With presidential nominee Julian Castro advocating for fracking to be phased out by 2035, as well as overwhelming polls around the country in favor of a fracking ban, “hydraulic fracturing” might be ousted sooner than later.
But the energy sector might be too far reliant on fracking that any humanitarian concerns won’t guarantee any wide scale shutdown. It just might not be practical at this current phase, even if it is the driving force behind higher methane levels and higher earthquake incidence across the country, as well as health dangers for residents.
Banning fracking is not a black-and-white argument though. From a humanitarian point of view, it’s definitely troublesome. Just ask the residents of Denton, Texas, which was the first Texas city place to ban the practice, albeit unsuccessfully. But from an economic standpoint, fracking contributed heavily to the shale boom in Texas.
In fact, fracking made it possible for the United States (and Texas) to be such a dominant force in oil production. It has also reportedly decreased greenhouse emissions, but many sources like Skeptical Science, believe that lowered CO2 rates are a result of decreased coal production. But of course, with increased fracking comes a decreased reliance on coal for energy production, so fracking probably has a role to play in that.

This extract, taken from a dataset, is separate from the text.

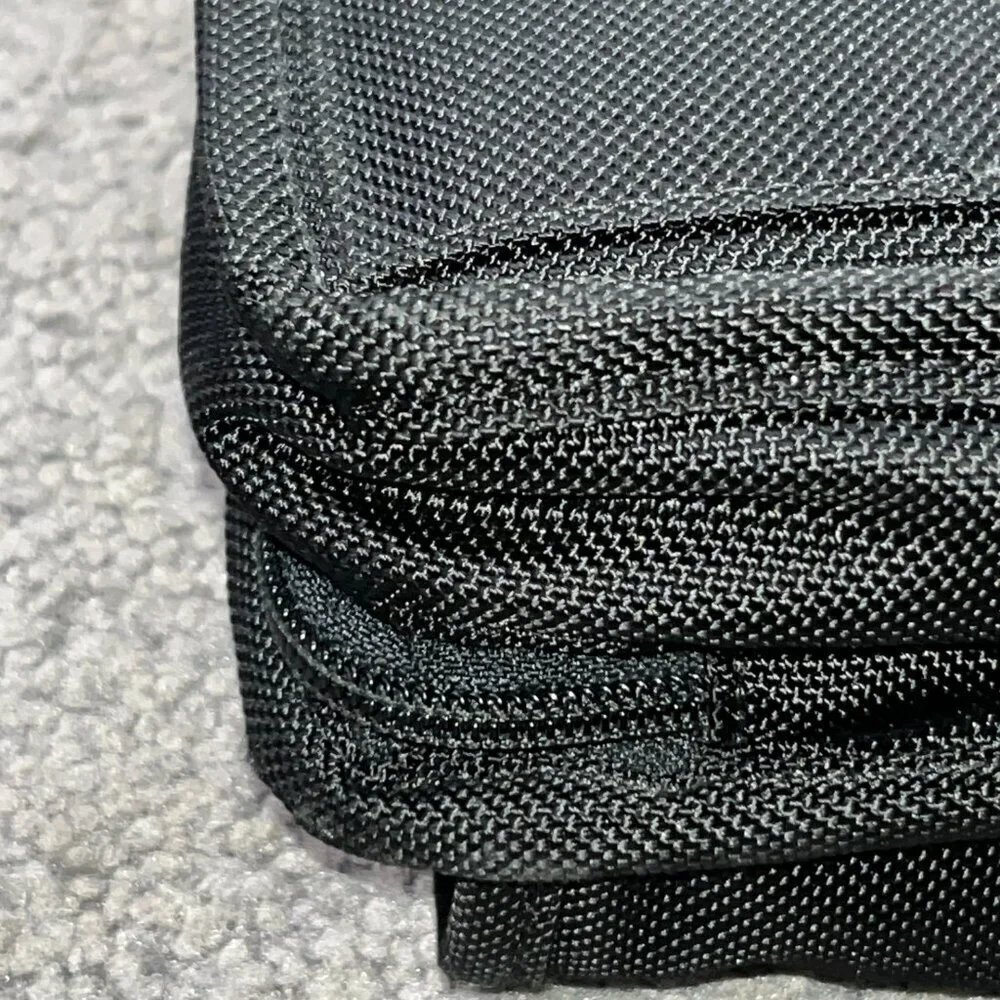 TUMI 26516D4 Compact Large Screen Nylon & Leather Computer Brief Case Black EUC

For Texas in particular though, fracking is causing a lot of concern because of wastewater pollutants that residents and state policy makers are afraid might seep into nearby rivers and lakes. Texans are invoking the EPA to hopefully safeguard drinking water from the potential harms of fracking byproducts.
Methane is on the Rise
Vox says in their article, “Fracking May be a Bigger Climate Problem Than we Thought” that a lot of rising methane was tied to “biogenic” causes, which means animal and plant wastes. This corroborated by measuring the varying weight of isotopes. Or, in other words, fracking emitted heavier methane isotopes. Or so that was the consensus for a time.
But the overall methane picture has been complicated by Robert Howarth, who traced shale oil production as a root of increased methane levels. And as the Vox article states, this can mean that America is one of the biggest reasons why methane is so high: “Since 89 percent of the shale gas production comes from the US (Canada produced the rest), that’s a whole lot of accelerated global warming tracing right back to America’s front door. “
But there’s more than one side to the “fracking = increased global warming debate”. The EIA shows that energy-related carbon emissions went down, but that could be correlated to less coal production.
Regardless, fracking created a lot of jobs and helped solidify the country as an oil empire. Our relationship with the practice will certainly continue to be a complex one, to say the very least.